In the complaint in the November, 2013 lawsuit styled Earl Burdette vs. Panola County and the Panola County Sheriff’s Department, Burdette states that when he raised the question of overtime, he was wrongfully terminated.

His separate lawsuits for the wage and hour violations and for wrongful termination were combined for settlement negotiations.

Yet, during the negotiations when his attorneys urged him to resist settlement and go to trial, “I was the one who told the lawyers, let’s don’t go to court,” Burdette said. “I was the one who said, ‘Let’s settle.’”

Supervisor Morris cited the county’s inability to produce time records showing Burdette’s time as having weakened the county’s position in the negotiations.

Board of Supervisors Attorney Bill McKenzie has also said that he thought the settlement was in the best interest of the county.

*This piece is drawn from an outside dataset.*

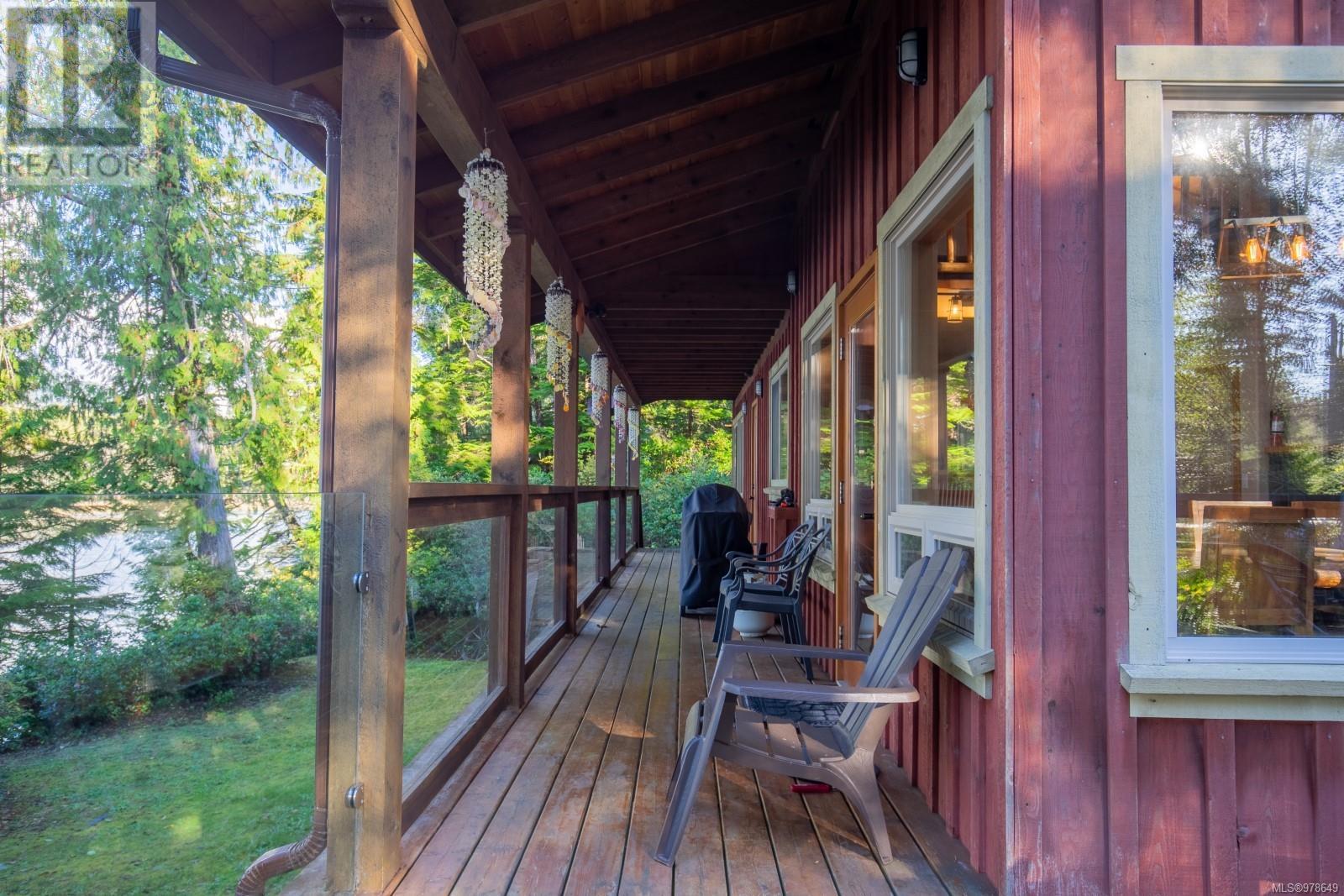 1027 Jensens Bay Rd, Tofino, British Columbia  V0R 2Z0 - Photo 34 - 978649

Burdette, who was appointed Como Police Chief following his termination as a deputy, and Como Deputy Police Chief Faye Pettis, also a former Panola deputy who had been terminated, had also sued the sheriff and county for wrongful arrest stemming from the November, 2013 altercation at the Como police station between the Como officers and Sheriff Dennis Darby and deputies.

That lawsuit was settled in February for an undisclosed amount.

Still, Burdette said: “I feel like I’m being singled out.”

He points to other lawsuits brought against the sheriff’s department by former employees, including another wrongful termination lawsuit brought by former Deputy Brad Pickett in April, 2013.

That lawsuit was also settled in February, also for an undisclosed amount.

Other lawsuits in federal court naming the sheriff and county as defendants include a wrongful death claim filed by the mother of Charles Willie Lark III, who died in April, 2013 while he was held as an inmate in the Panola county jail.

“People are going to come to their own conclusions, and that’s fine,” Burdette said, “but everything is in the public record; all you’ve got to do is read it,” he said, alluding to the federal court file.